Por Antonio Lerma Salazar, SdJ

Amado Jesús: en la cruz nos regalas tus siete palabras. Las valoramos en todo lo que son. Lo hacemos porque cada una viene de ti y, por eso, son «palabras de vida eterna». Lo hacemos también porque son las últimas palabras de tu vida terrena: expresan y condensan tu existencia y las demás palabras que has pronunciado hasta ahora. En ellas contemplamos la sustancia de tu vida. Las valoramos por lo que físicamente te cuesta pronunciar cada una. 

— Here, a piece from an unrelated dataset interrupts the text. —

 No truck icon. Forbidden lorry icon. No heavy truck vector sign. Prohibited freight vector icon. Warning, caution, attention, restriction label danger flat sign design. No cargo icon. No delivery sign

Los científicos nos han hablado de los dolores que sufriste en tu crucifixión, que fue un acto de tortura. Tales descripciones nos ayudan a comprender lo que padeciste en tu cuerpo; por eso, caemos en la cuenta de lo implicó pronunciar cada una de estas palabras. Gracias, Señor, por darnos tus palabras. 

«Padre, perdónalos, porque no saben lo que hacen» (Lucas 23,34)

Padre. Jesús es «imagen del Padre e impronta de su ser» (Heb 1,3). No obstante, ha asumido la deformidad de nuestros pecados e incluso ha sido «hecho pecado» por Dios (cf. 2 Cor 5,21). No obstante, invoca al Padre, confiado en que su oración será escuchada. Jesús está en oración. El pecado del mundo no ha conseguido ahogar la plegaria. La relación de ambos sufre por la presencia del pecado, que es lo más opuesto al ser del Hijo. Pero él confía en que el Padre sabrá reconocerlo y en que no ha perdido el favor gozado ante su presencia. 

Perdónalos. Jesús intercede por nosotros. La ira de Dios está encendida. Es un fuego mayor que el infierno. Es justo que esté encendida por nuestros pecados. Pero también está allí la misericordia. Jesús sabe que esta es infinitamente mayor que la ofensa. La misericordia es también un fuego: un fuego infinitamente mayor que el infierno. 

Santa Faustina escribió mucho de él en su Diario, donde expresa que Jesús necesita encontrar un curso para este fuego. Ahora, en la cruz, lo hace a través de esta petición. El Señor adopta la actitud opuesta a la de Satán (que significa «acusador»). El enemigo de la naturaleza humana quiere que seamos condenados. El Señor, por el contrario, siendo hombre como nosotros y al mismo tiempo Hijo de Dios, implora, con súplica ferviente y urgente, que seamos perdonados. 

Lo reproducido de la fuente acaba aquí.